Short-term financing option charts return to mortgage lending

    Short-term financing option charts return to mortgage lending


    Raise your hand if you lived through the Great Recession.

    Now keep your hand raised if you can define Asset-Backed Commercial Paper.

    If you put your hand down, then truth be told, you didn’t really live through the Great Recession. You may have survived it, but to have lived it, is to know what caused it.

    According to a recent panel during the Structured Finance Industry Group conference in Las Vegas, ABCP will remain an important funding product for the economy for years to come.

    Commercial paper is a security issued by large banks and financing firms, used to meet short-term obligations. The funding can be for overnight liabilities and usually mature in less than a year. These corporations may use assets, such as real estate, to back the paper as collateral.

    This note from the history of the Federal Reserve charts the descent into the Great Recession, and the role ABCP played:

    The decline in home prices helped to spark the financial crisis of 2007-08, as financial market participants faced considerable uncertainty about the incidence of losses on mortgage-related assets. In August 2007, pressures emerged in certain financial markets, particularly the market for asset-backed commercial paper, as money market investors became wary of exposures to subprime mortgages (Covitz, Liang, and Suarez 2009). In the spring of 2008, the investment bank Bear Stearns was acquired by JPMorgan Chase with the assistance of the Federal Reserve. In September, Lehman Brothers filed for bankruptcy, and the next day the Federal Reserve provided support to AIG, a large insurance and financial services company. Citigroup and Bank of America sought support from the Federal Reserve, the Treasury, and the Federal Deposit Insurance Corporation.

    By 2009, the popularity of the product was in a massive decline, especially as the CDOs that backed the ABCP spiked in defaults.

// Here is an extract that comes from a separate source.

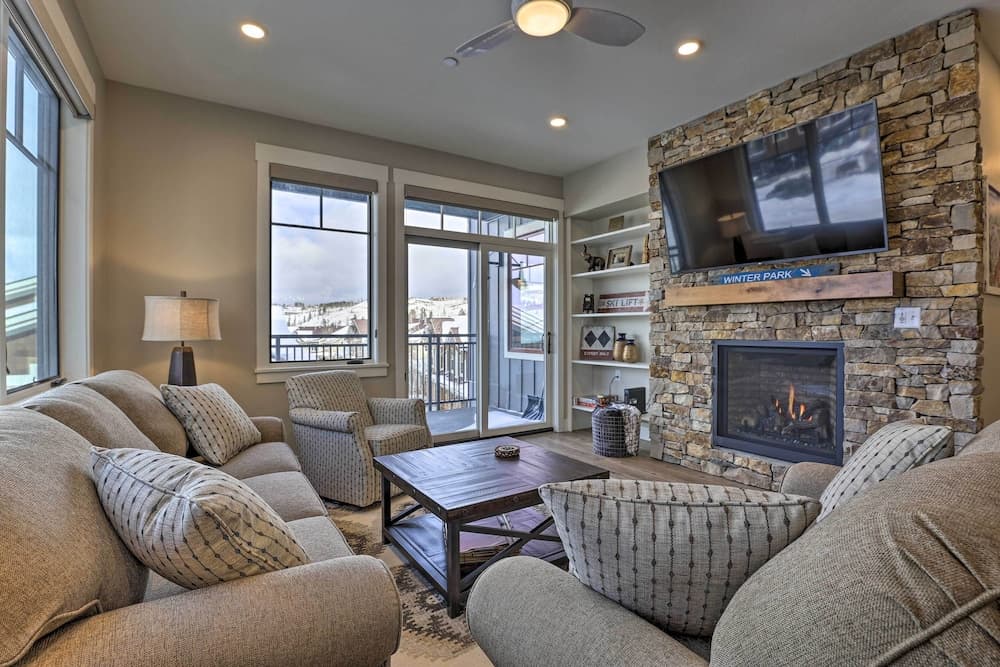 Newly Built Ski Condo w/ Hot Tub & Shuttle Access!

    “We are constantly asked when the US ABCP market will stop dropping in terms of outstandings,” a report from Credit Suisse said at the time, “and we must be constantly reminded that we are still in a severe consumer recession, the term securitization market is still operating with a government lifeline, and the ABCP market itself still has government lifelines pumping through it; however, thankfully, the ABCP-related government programs are only being marginally used.” 

    But today, with the performance of lending assets performing at historical highs, ABCP is coming back in style as a short-term financing option.

    It needed some help to get there.

    “Overall lending has evolved substantially, with issuers becoming more comfortable with existing regulation and technology contributing to the proliferation of new market entrants including FinTech companies and global alternative asset managers whose appetite for shorter term products, such as ABCP, has grown considerably,” a report on the panel from Standard & Poor’s noted today.

    Here are the 4 reasons S&P cites for a strong ABCP market going forward:

    1. ABCP sponsors have satisfied the Risk Retention regulatory requirements, typically by purchasing 5% of their conduits’ outstanding ABCP. A recent court ruling that exempts CLOs from holding 5% capital for every transaction could potentially extend to ABCP, freeing some sponsors from the capital burden. Overall, issuers appear to be indifferent to the ruling given the time and effort they’ve already incurred in complying with the existing standards.
    2. While in the past, issuers and investors had opposing views on risk retention, they seem to have achieved a middle ground. Issuers became accustomed to holding 5% capital while investors became more comfortable with the quality of the assets.
    3. Due to Money Market reforms, the ABCP investor base has shifted dramatically from the prime institutional funds to non-2a7 funds, such as private liquidity and government funds.
    4. Basel’s Simple, Transparent, Comparable (STC) and Simple, Transparent, Standardised (STS) legislative frameworks scope in ABCP and establish strict criteria that both individual sellers (“transaction level”) and sponsors (“conduit level”) must meet to attain more lenient capital treatment. In the US, many bank conduit sponsors, which are already accustomed to strict capital requirements, see the costs of compliance out-weighing the cost of non-compliance. Their European counterparts, however, may see elevated capital levels for both STS and non-STS securitized positions.

    “Repatriation of money in the wake of tax reform could give a temporary lift to the ABCP market as corporate treasurers, with new cash on hand, explore available short-term investment opportunities,” the S&P report concludes.